This week’s blog features a musician with a special connection to the Library of Congress, Fritz Kreisler. As a musician, composer, and violinist he shared his talent with the world and showed generosity with his gifts.
Born in 1875 in Austria to a physician and amateur violinist, Fritz Kreisler began study of the violin at the age of four. He was so precocious, the Vienna Conservatory allowed him to begin study with Joseph Hellmesberger Jr. and Austrian composer Anton Bruckner at the age of seven. He continued his development by winning a gold medal from the conservatory at the age of 10. This is truly remarkable for an institution with very high standards. He continued on to the Paris Conservatoire, earning the premiere prix (first prize) with four other violinists, all around the age of 20. After the age of 12, his violin study was complete.

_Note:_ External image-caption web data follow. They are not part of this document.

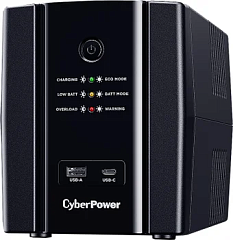 картинка ИБП CyberPower UT2200EG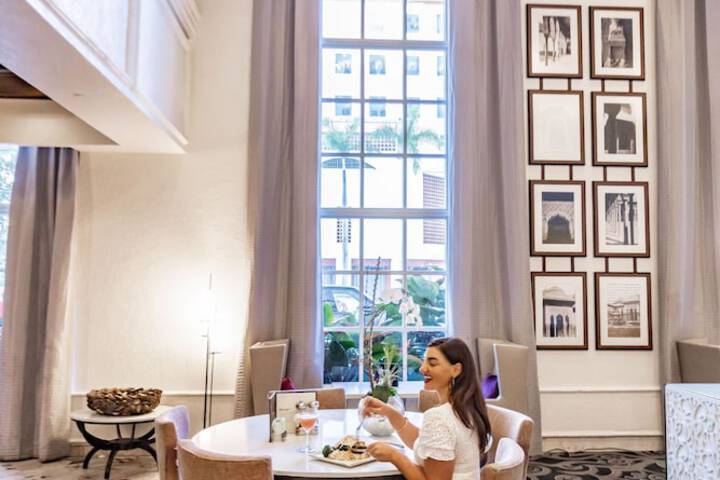 Hyatt Regency Coral Gables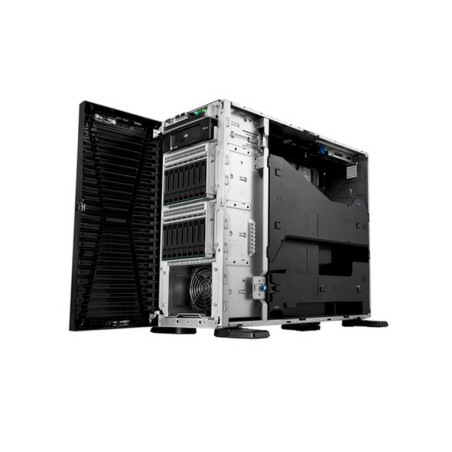 SERVER HPE ML110 S4510 32GB 4TB*2 G11 SA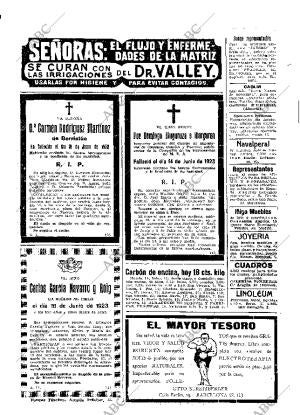 ABC MADRID 19-06-1923 página 34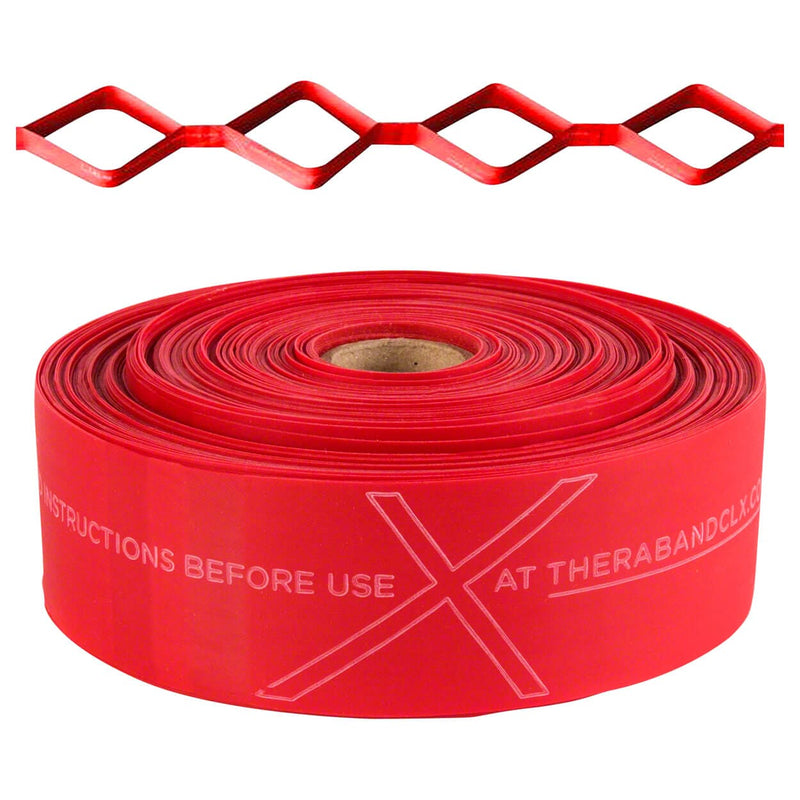 Theraband CLX Resistance Band 22M (25 Yds)
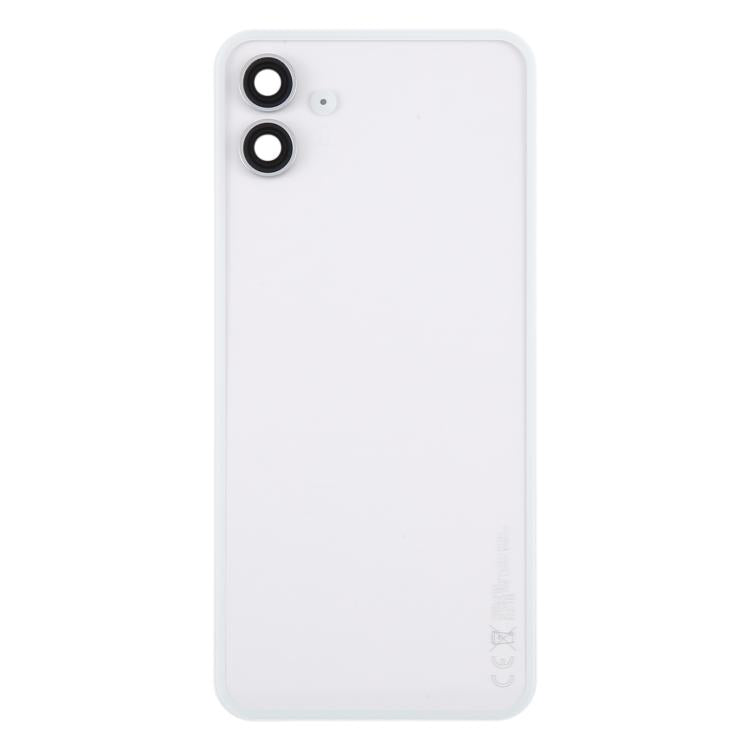 For Nothing Phone 1 Original Transparent Back Cover with Camera Lens Cover, For Nothing Phone 1(Original)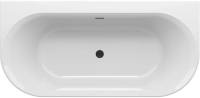 Акриловая ванна Ravak Ypsilon W 178x86 XC00100035 белая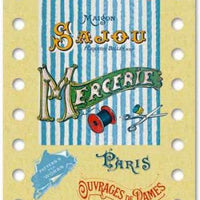Thread Organizer - Mercérie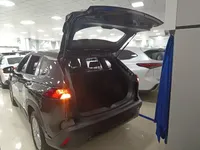 Toyota Corolla Cross 2026 (3200 км)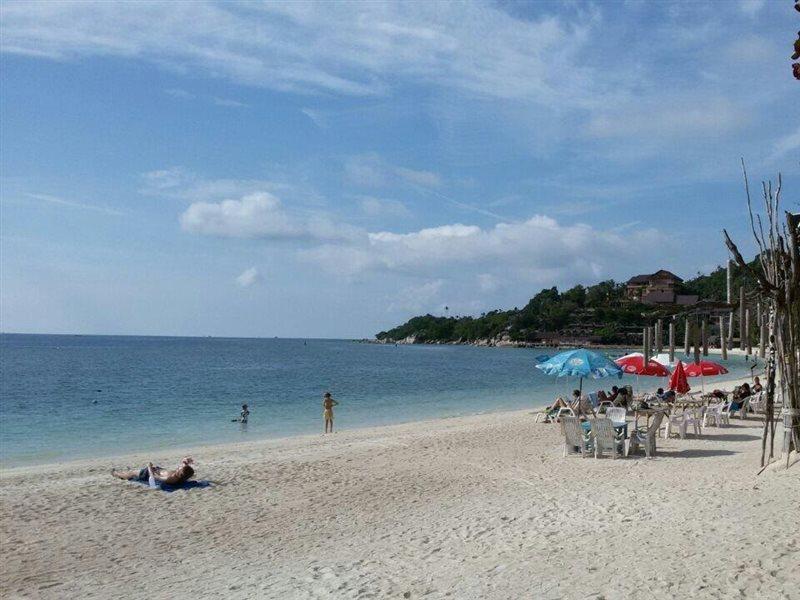 Tropicoco Koh Phangan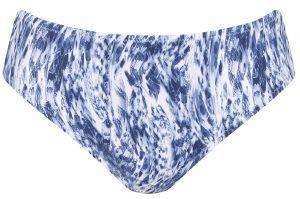 BIKINI BRIEF TRIUMPH FLORAL CASCADES TAI PT ΣΚΟΥΡΟ ΜΠΛΕ (38) BIKINI BRIEF TRIUMPH FLORAL CASCADES TAI PT ΣΚΟΥΡΟ ΜΠΛΕ (38)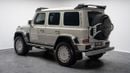 Mercedes-Benz G 63 AMG 4X4² GRONOS 4x4 By MANSORY - 1 of 10 - 2023 - Euro Specs
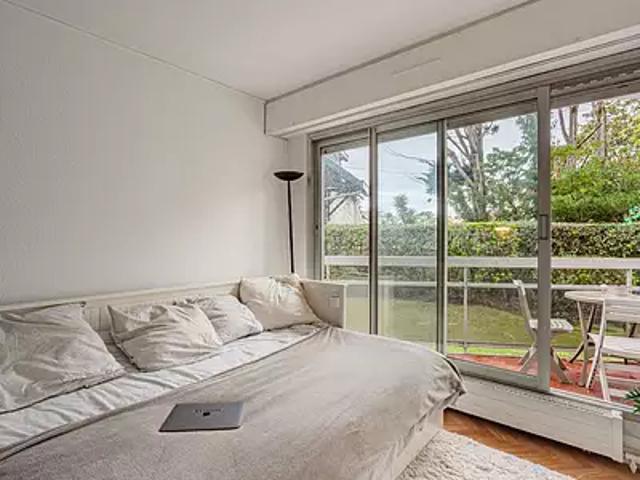 Anglet 64600 Achat / Vente appartement 1 pièce t1
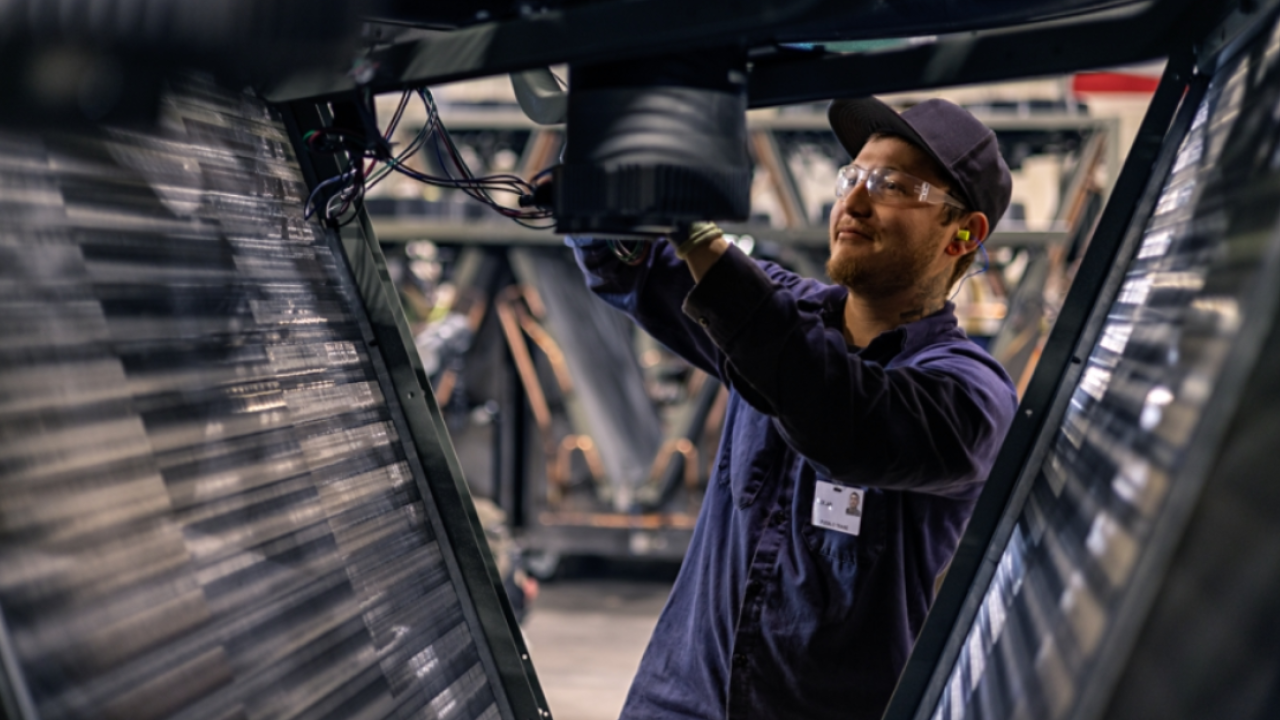Remanufacture and Repair: A Decarbonization Accelerator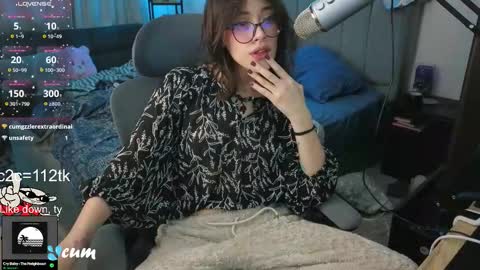 Lana 3 online show from 14, 1, 2026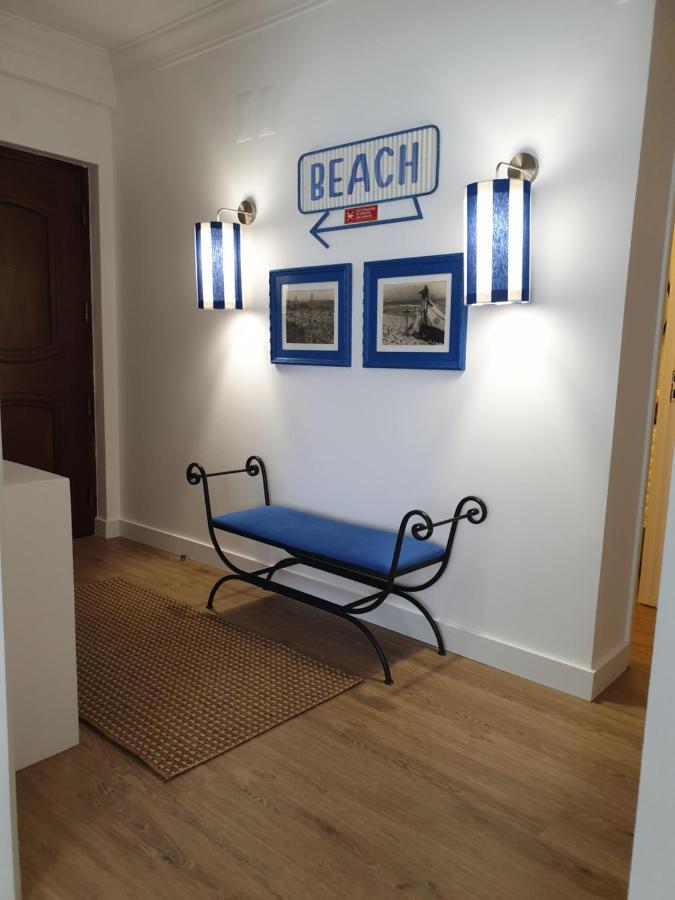 Casa "Vo Minda" - Nazare - Alojamento Local Екстер'єр фото
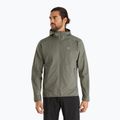 Кофта трекінгова чоловіча Arc'teryx Kyanite LT Hoody forage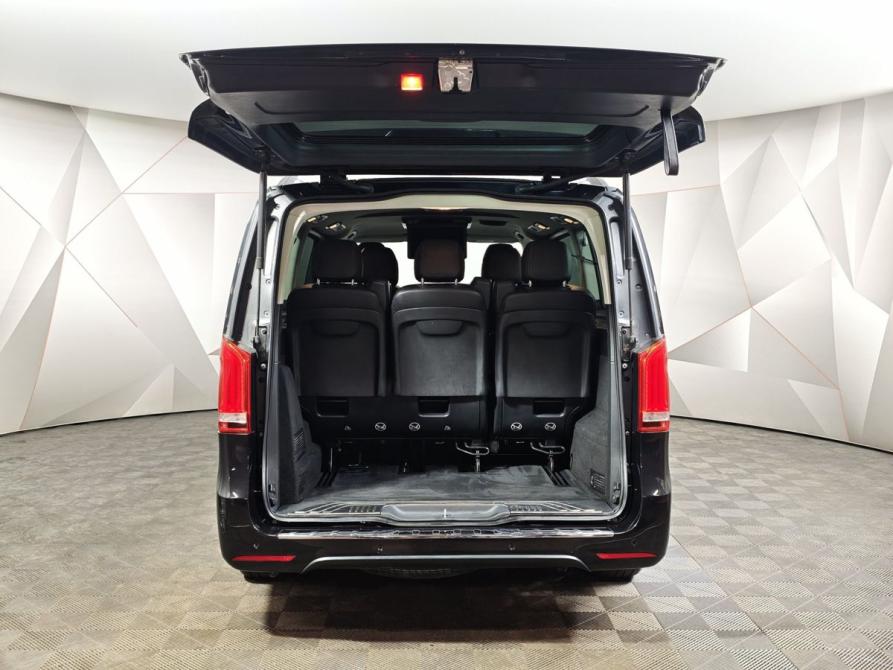 Mercedes-Benz V-Класс III (W447) Москва  - изображение 12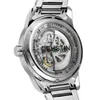 Wristwatches OCHSTIN 2022 Men's Mechanical es Skeleton Automatic Sports Wristes For Man Waterproof Luxury Brand Business Clock 0703
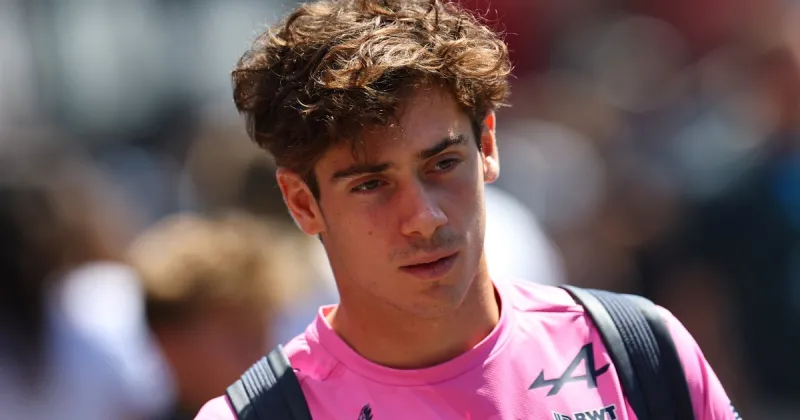 Franco Colapinto y otro retroceso en el GP de Austria de Fórmula 1: un Alpine sin respuestas y demasiadas dudas para resolver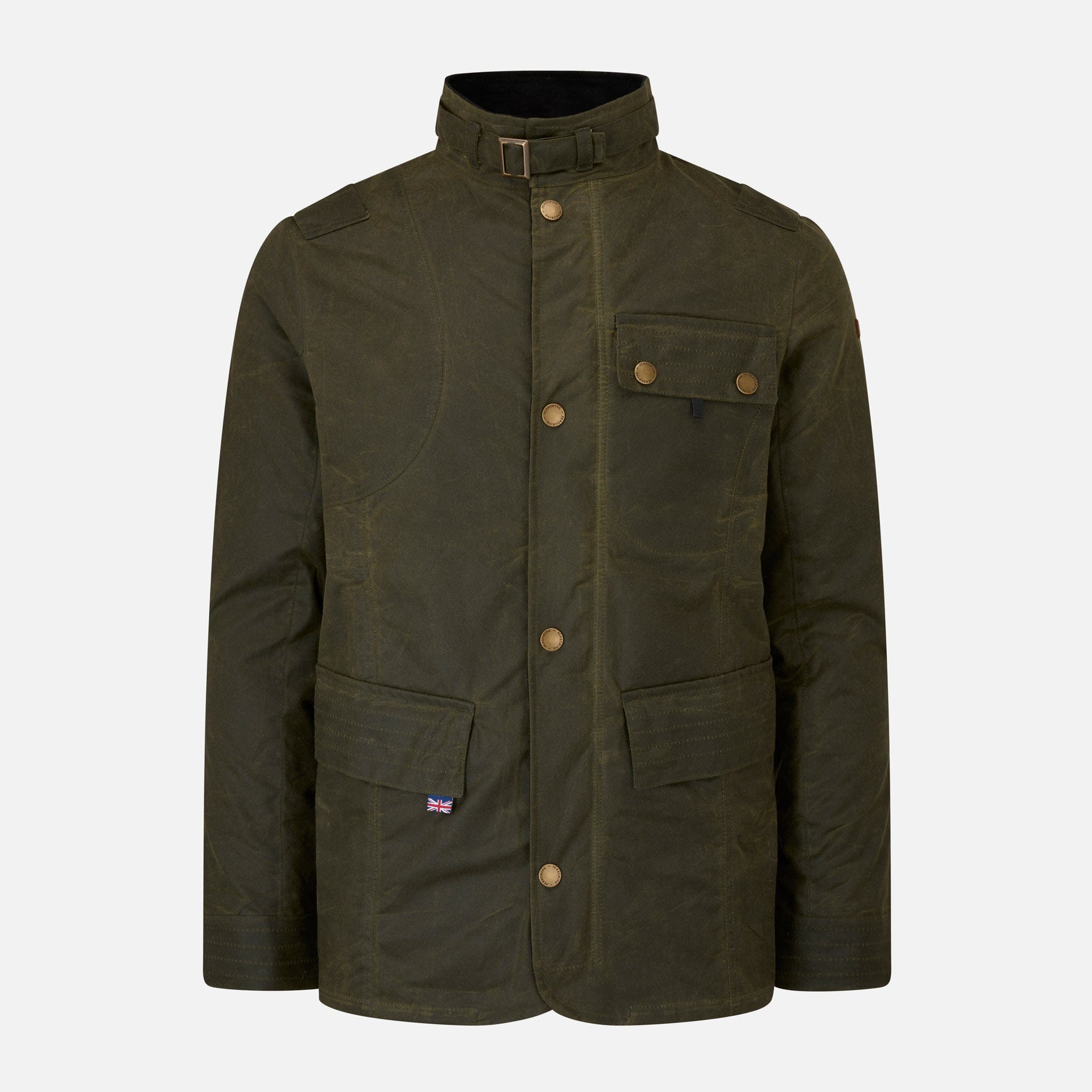 Men's Jackets & Coats – Stumper & Fielding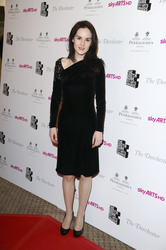 Michelle Dockery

He began touring the U.S. in 1889 (remember he was all of fourteen years old) but returned to Vienna to continue his education and began study in pre-med. This was followed by military service. He didn’t touch his violin until 1896 and auditioned for a position in the Vienna Opera Orchestra. It seems incredible now, but he didn’t win that spot, probably due to poor sight-reading. (Everybody, even Kreisler, has bad days.) He continued concertizing and made a successful debut with the Berlin Philharmonic in December, 1899, followed up with an appearance with the London Philharmonic in 1902. Edward Elgar composed his violin concerto for him in 1910, with the composer conducting at the premiere.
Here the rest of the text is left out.